An argument for Kubernetes and Machine Learning

There’s a big problem brewing in the world of data engineering, high-performance computing (HPC), and machine learning. Since the release of ChatGPT, the once quiet but critical function of the world’s data teams has seen an increase in demands, new scrutiny, and questions appearing around ROI. ChatGPT spurred awareness, along with ‘features’ that almost anyone can understand, but the simultaneous macroeconomic change has meant this ‘simple’ form of AI is the laymen’s benchmark, for better or worse. The question now stands; how do data teams respond?  

AI or machine learning models that deliver a competitive advantage require accuracy, constant refinement, monitoring, and the ability to release to production frequently. To deliver this data, teams are faced with an onslaught of new tools and new infrastructure. But here’s the thing: a lot of data science teams aren’t ready for this change.

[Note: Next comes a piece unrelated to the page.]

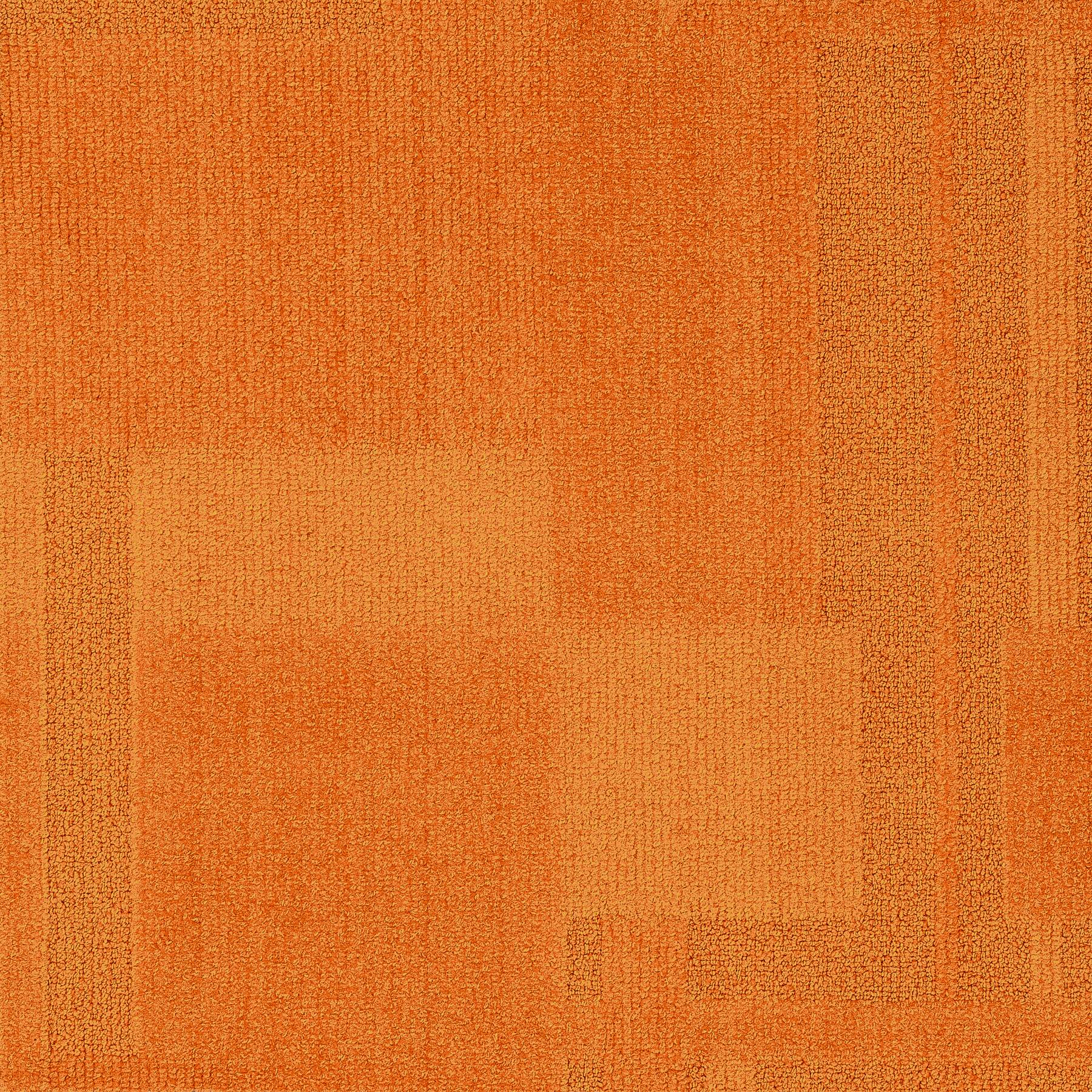 Vivid 202 - Neon Blaze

You simply cannot just ask ChatGPT and magically change.  

The choices are overwhelming, and in a field that is comparatively young, organizations need to take a measured approach and ensure their resources are positioned to drive the highest ROI. The question really is which approach will work, and where should a data team focus to see the best outcomes? A recent study by PWC presents an informed opinion, outlining the approach that the most successful organizations have taken:  

What sets these companies apart, the data indicates, is that instead of focusing first on one goal, then moving to the next, they’re advancing with AI in three areas at once: business transformation, enhanced decision-making and modernized systems and processes. Of the 1,000 respondents in our survey, 364 “AI leaders” are taking this holistic approach and reaping the rewards. 

If new demands, questions on ROI, and tough decisions were not enough of a problem, data teams are also facing the fact that there simply isn’t enough physical infrastructure available to execute model training, and there’s a serious shortage of skilled professionals.  

It’s a real struggle for data teams to get things done. 

So, what can leaders do to help increase the odds of success? Leaders need to focus on what drives ROI, such as the ability to easily access the right AI/ML tools, and remove the burden of necessary but complicated and time-consuming aspects, such as managing the infrastructure the workloads run on. In other words, solve the “modernized systems and processes” piece without adding a mountain of work.  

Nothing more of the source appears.